This works for websites and also for documents like PDFs. In order for everyone to see the same annotations for the same PDF (even when you get your copy by email) hypothesis uses a unique identifier for the file. For PDF files this identifier is part of the format (I think). For more details on how hypothesis uses it checkout https://web.hypothes.is/help/how-hypothesis-interacts-with-document-metadata/#what-happens-when-urls-change
One idea on how to get similar functionality for notebooks would be to add a unique identifier to the metadata of the notebook and for renderers (classic notebook, jupyter lab, nteract, nbpreview) that want to allow annotations to then render something like a <link rel="canonical" href="http://notebooks.jupyter.org/<identifier-for-the-metadata>" in the HTML they generate. Or maybe a meta tag is better than using a canonical as the canonical link is also looked at by search engines.
How would you generate this unique identifier?

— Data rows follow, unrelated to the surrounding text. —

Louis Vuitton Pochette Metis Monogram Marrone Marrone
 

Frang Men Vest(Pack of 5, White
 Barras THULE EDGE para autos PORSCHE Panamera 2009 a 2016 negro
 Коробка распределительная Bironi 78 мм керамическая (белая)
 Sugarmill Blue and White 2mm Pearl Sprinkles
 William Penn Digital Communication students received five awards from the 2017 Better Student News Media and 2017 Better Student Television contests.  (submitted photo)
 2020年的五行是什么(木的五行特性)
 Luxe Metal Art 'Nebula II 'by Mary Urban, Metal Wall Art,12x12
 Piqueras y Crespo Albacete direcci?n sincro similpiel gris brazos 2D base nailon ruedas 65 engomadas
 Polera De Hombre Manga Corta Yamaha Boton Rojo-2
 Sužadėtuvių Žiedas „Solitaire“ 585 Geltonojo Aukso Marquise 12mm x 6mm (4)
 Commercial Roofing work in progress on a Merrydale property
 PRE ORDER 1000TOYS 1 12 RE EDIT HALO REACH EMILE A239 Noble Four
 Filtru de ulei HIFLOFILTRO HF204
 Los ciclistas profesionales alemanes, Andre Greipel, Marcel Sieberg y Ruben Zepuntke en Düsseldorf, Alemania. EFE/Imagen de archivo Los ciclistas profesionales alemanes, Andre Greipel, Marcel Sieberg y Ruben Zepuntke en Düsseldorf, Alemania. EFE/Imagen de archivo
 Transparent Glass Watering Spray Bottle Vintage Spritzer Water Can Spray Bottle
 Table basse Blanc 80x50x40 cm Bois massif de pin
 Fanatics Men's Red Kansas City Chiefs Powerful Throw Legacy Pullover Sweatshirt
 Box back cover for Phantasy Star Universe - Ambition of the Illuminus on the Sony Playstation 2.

Maybe it is enough to generate a random 32byte value when the notebook is created. For those who are interested the code that PDF.js uses to generate the fingerprint for PDFs is here.
What do you think of adding a extra field in the metadata and setting it to a random value on document creation? Then rendering that in the HTML version of a notebook so annotation tools can use it as identifier?
There are two levels at which identifiers in a Jupyter notebook might interact usefully with annotation software.
Element level. Fernando Perez suggested, some years ago, that per-node identifiers could be important. A t the time, as I recall, they didn’t exist. But anyway the idea is that while anchoring annotations to selections of text in a rendered notebook, by default Hypothesis will do it based only on the position of the target selection in the stream of rendered text, and on the target text itself, surrounded by a prefix/suffix context window. Maybe that’s fine, but it could be interesting to anchor annotations relative to nodes in the notebook, if they are identified, and depending on how that identification surfaces in the rendered page. If none of this is readily available, then the notebook is just a web page from Hypothesis’ point of view, and it deals with it in the way it normally does.
Document level. Here we want URL-independent identifiers. There’s no need to follow the PDF fingerprint model, something human-readable would be better. I would not recommend rel=“canonical” but rather the dc.identifier/dc.relation.ispartof metadata pair described here: https://web.hypothes.is/help/how-hypothesis-interacts-with-document-metadata/#what-happens-when-urls-change. The two parts combine, and you can use the identifier/relation pair however makes sense.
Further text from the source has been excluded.